_The problem_:
Repeat the listing below word for word, minus the pictures.

_The data_:
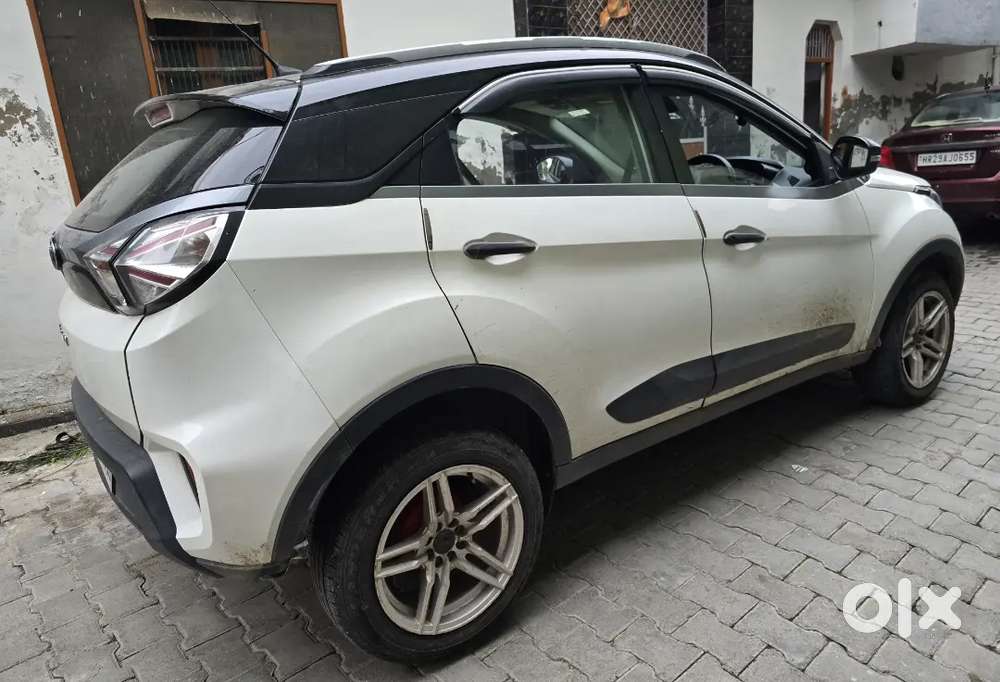 Tata Nexon Diesel 2022 55000 Km Driven Automatic With Sunroof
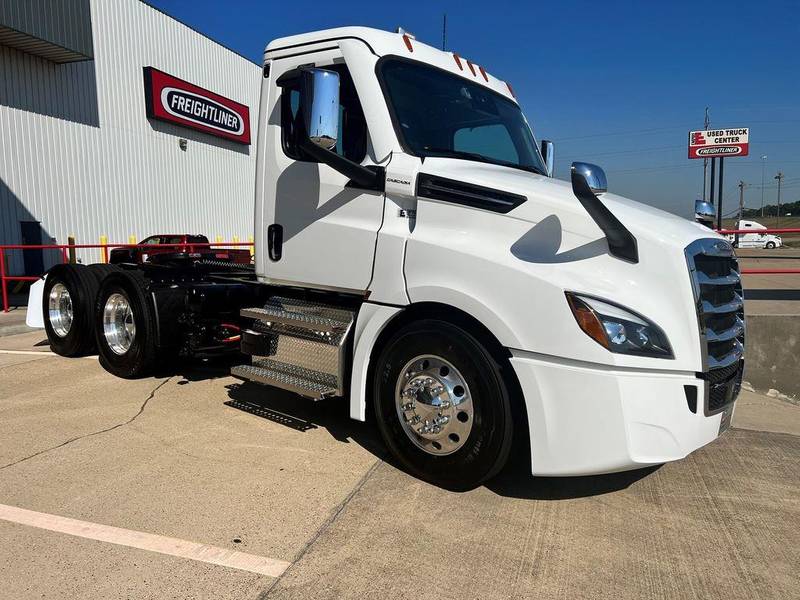 2024 Freightliner Cascadia PT126DC (For Sale) Day Cab 279898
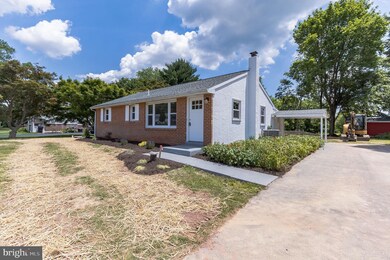 22 Maple Ave, Boyertown, PA 19512 - photo 3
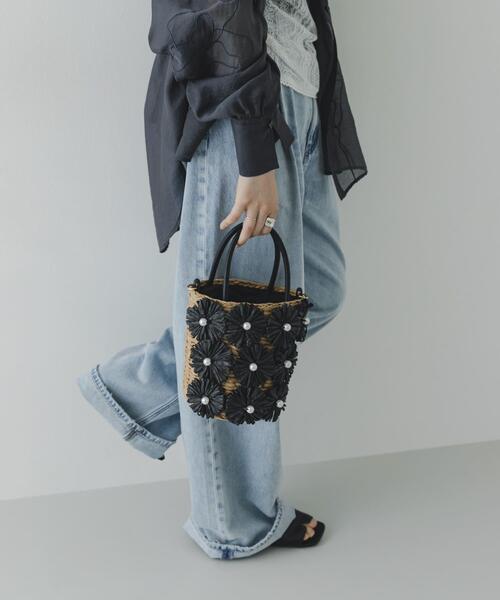 RODE SKO(ロデスコ)の「フラワーモチーフ雑材2WAYバッグ(ショルダーバッグ・レディース・ブラック/ベージュ・-)」の4枚目の写真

_Response below_:
 Tata Nexon Diesel 2022 55000 Km Driven Automatic With Sunroof
 2024 Freightliner Cascadia PT126DC (For Sale) Day Cab 279898
 22 Maple Ave, Boyertown, PA 19512 - photo 3
 RODE SKO(ロデスコ)の「フラワーモチーフ雑材2WAYバッグ(ショルダーバッグ・レディース・ブラック/ベージュ・-)」の4枚目の写真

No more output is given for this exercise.